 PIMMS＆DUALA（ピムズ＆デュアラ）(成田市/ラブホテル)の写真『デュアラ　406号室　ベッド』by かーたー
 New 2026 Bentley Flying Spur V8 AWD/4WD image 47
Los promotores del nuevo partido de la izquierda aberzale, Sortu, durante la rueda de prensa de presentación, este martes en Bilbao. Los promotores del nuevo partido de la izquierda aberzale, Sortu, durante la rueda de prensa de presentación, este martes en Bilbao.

* * *

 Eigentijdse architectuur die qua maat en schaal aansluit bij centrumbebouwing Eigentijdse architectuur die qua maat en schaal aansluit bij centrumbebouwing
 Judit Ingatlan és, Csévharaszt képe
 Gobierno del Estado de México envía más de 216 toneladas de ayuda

#### Prompt:
Copy, exactly and only, the lines above that begin with the one containing "Judit Ingatlan és, Csévharaszt képe" and finish with the one containing "Gobierno del Estado".

#### Response to the exercise:
 Judit Ingatlan és, Csévharaszt képe
 Gobierno del Estado de México envía más de 216 toneladas de ayuda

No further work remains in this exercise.